Forbes has published the latest edition of its global list of billionaires, featuring 565 from the U.S., which made the country the top generator of billionaires again. Figures from the IT and finance industries took the tops spots, as has become usual, but the oil and gas industry seems to be doing well, too, with more than a dozen entries from Texas alone.

The top-100 of this year’s more than 2000-name list saw three entries from the U.S. oil and gas industry – Continental Resources’ Harold Hamm with a net worth estimated at $13 billion, at #87; and brothers Charles and David Koch, each worth $48.3 billion and sharing the number 8 spot.

Among the Texan entries, the highest place was occupied by Richard Kinder of Kinder Morgan, who ranked 194th, with his net worth up 33 percent from last year to $7.1 billion. Kinder Morgan also did pretty well in 2016, reporting a healthy increase in net profits to $721 million from $208 million in 2016.

At #261, Forbes ranked the heirs of another pipeline mogul, Dan Duncan of Enterprise Pipeline Partners. The four siblings saw their net worth rise to $5.7 billion this year, while the company their father founded reported a slight decline in net profit for 2016 at $2.553 billion, from $2.558 billion for 2015.

Ray Lee Hunt, the heir of H. L. Hunt, ranked $339th, with a net worth of $4.7 billion. Hunt is the chairman of Hunt Consolidated, which spans across industries including oil, utilities, real estate, and investment. The oil business, Hunt Oil, is among the largest private energy companies in the U.S.

Kelcy Warren, the co-founder of Energy Transfer Partners, was another entry from the pipeline industry, at #367 with a net worth of $4.3 billion. Energy Transfer Partners has been in the media spotlight recently because of its Dakota Access project, which led to months of protests. The pipeline has already started transporting oil from Bakken.
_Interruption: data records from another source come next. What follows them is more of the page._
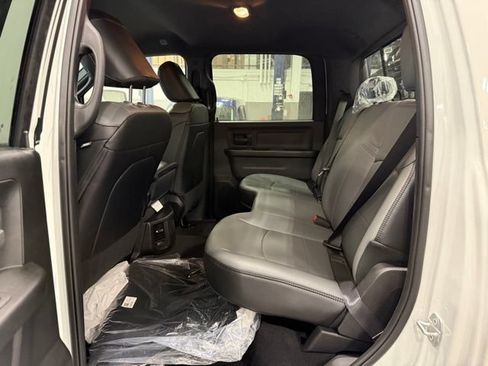 New 2026 RAM 2500 Tradesman AWD/4WD image 19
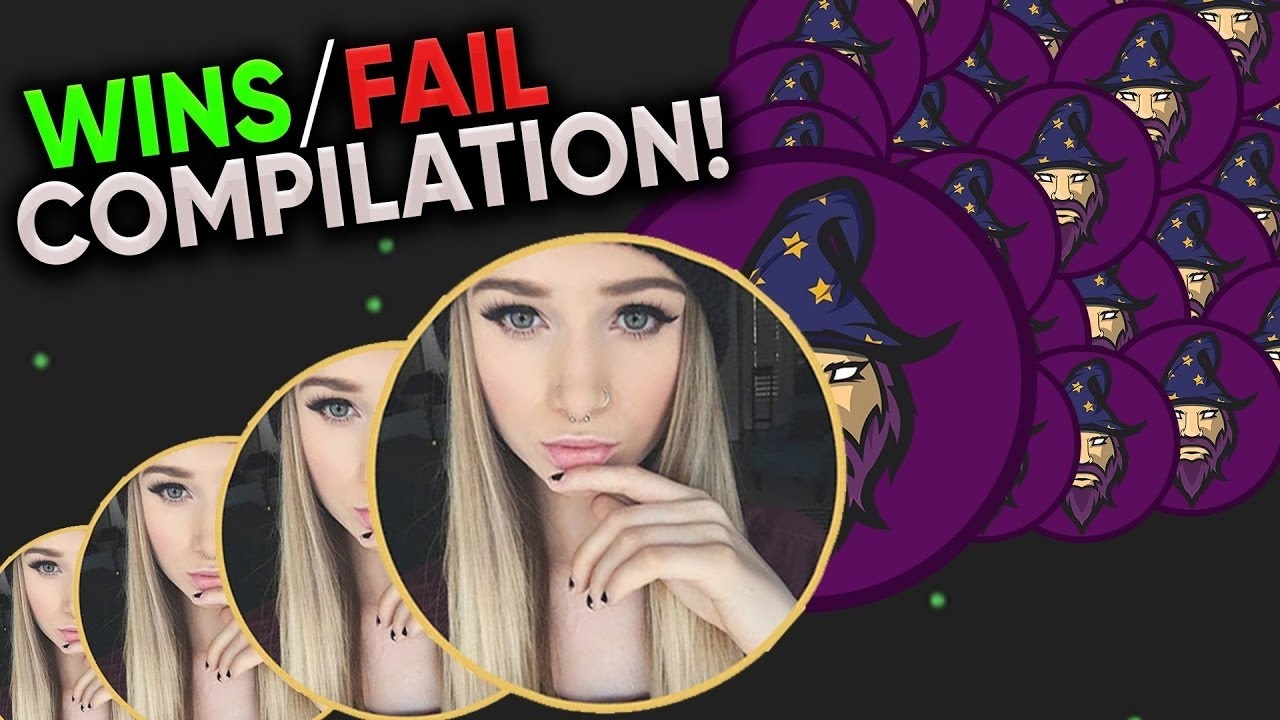 Alis.io WIN/FAIL Compilation! INSANE ONE PIECE PUSHSPLIT!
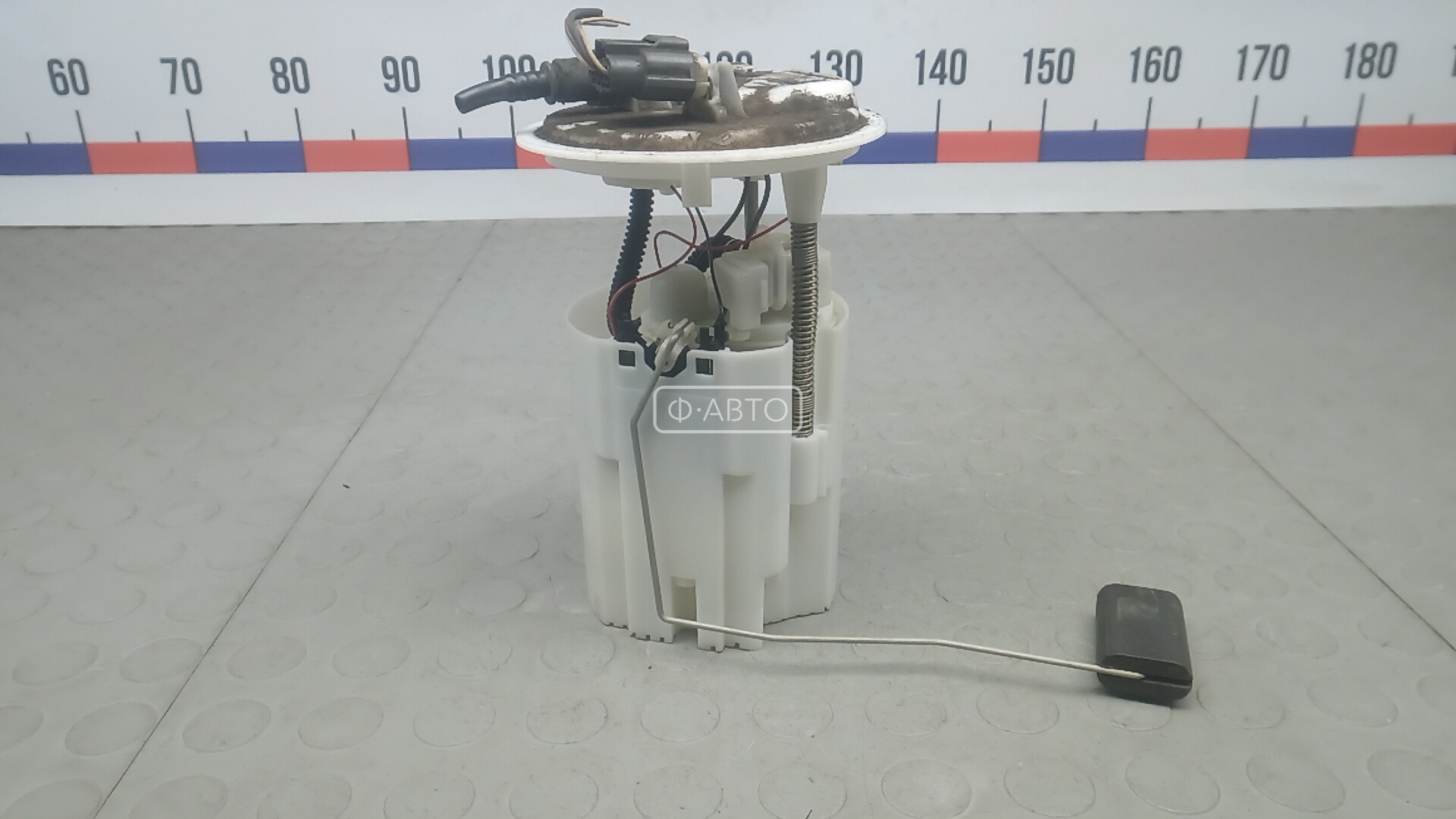 Насос топливный электрический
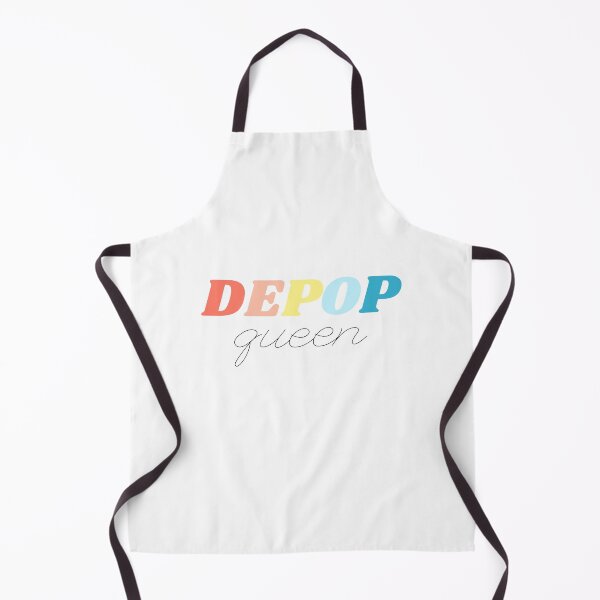 Item preview, DEPOP queen rainbow pastel graphic designed and sold by rl2020.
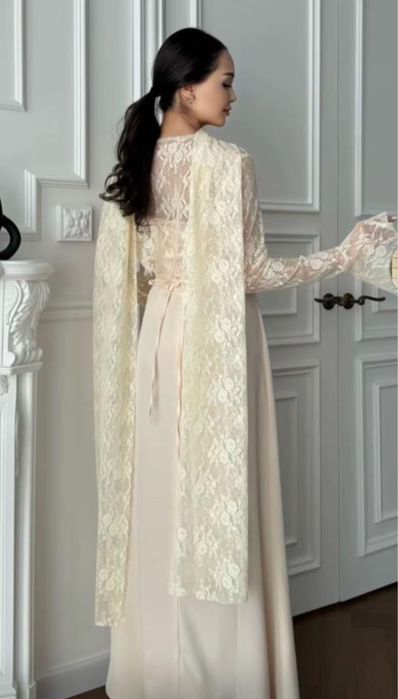 Женское платье корсет сорокчетвердый размер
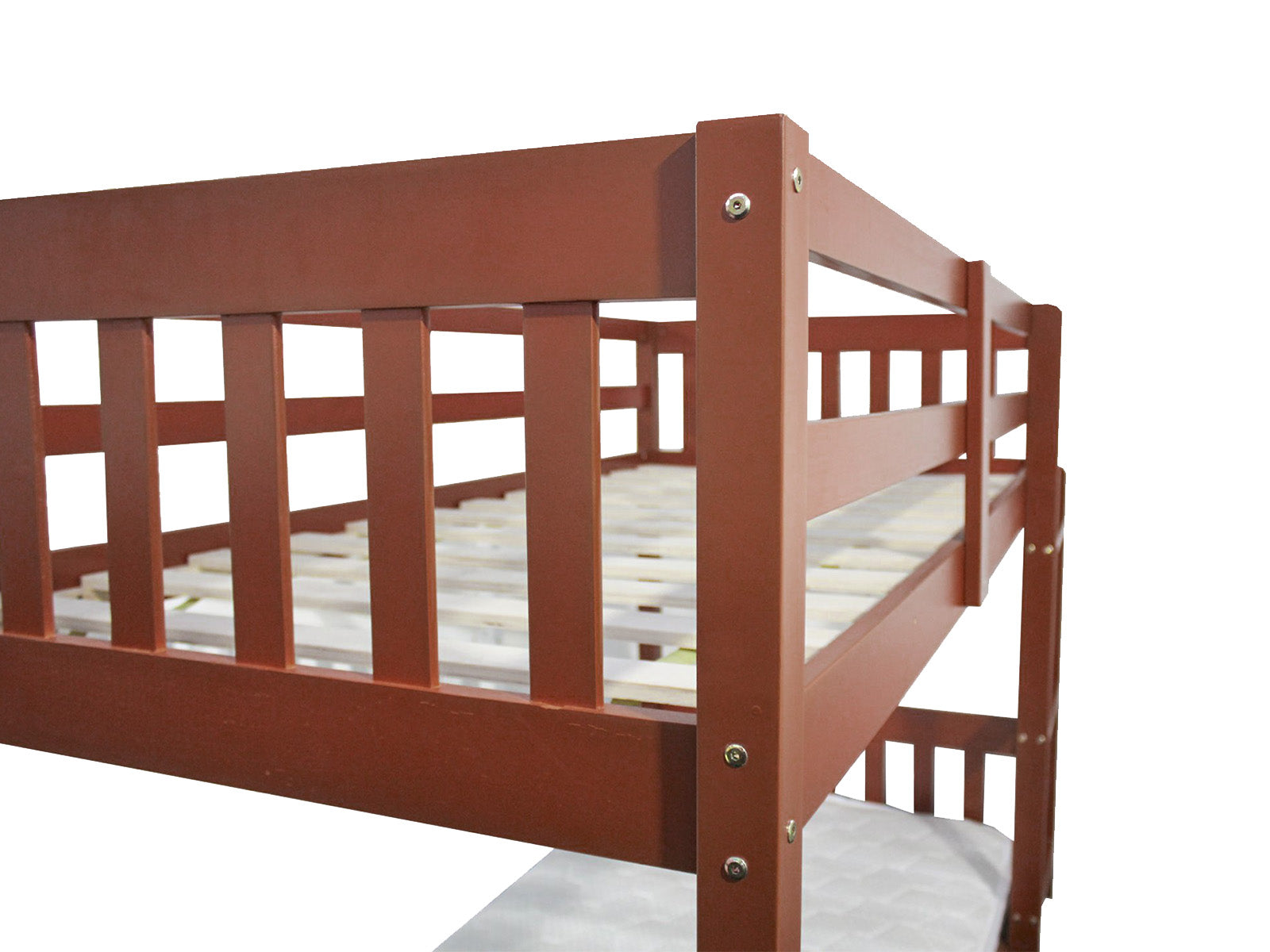 DS New Lydia Bunk Bed Cherry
Jeffery Hildbrand of Hilcorp Energy ranked 402nd, with a net worth of $4.3 billion. The company itself ranked 41st on Fortune’s list of best employers this year. Related: OPEC Weighs Extension As Oil Markets Start To Lose Their Nerve

The next entry from Houston, John Arnold from Centaurus Energy Advisors, came in at #660 with a net worth of $3 billion. Arnold, a legend in energy trading, warned back in 2015 that half the U.S. oil and gas industry could go bankrupt in 2016 if oil prices did not recover.

George Bishop, the low-profile CEO of GeoSouthern Energy, ranked 814th with a net worth of $2.5 billion on Forbes’ list. The company is an independent shale player, which in 2013 struck a $6-billion deal in cash to sell its Eagle Ford assets to Devon Energy – one of the biggest deals in shale oil. According to Forbes, Bishop alone took home $1.5 billion.

Outside Houston, in the Dallas-Fort Worth area, ten out of 22 billionaires on the Forbes list had ties to the oil industry.

Overall, the average net worth of the 2,000+ billionaires on the Forbes list was $3.75 billion. Most of the oil industry entries saw their net worth rise last year, too, with the Texan entries having an average net worth of $4.1 billion.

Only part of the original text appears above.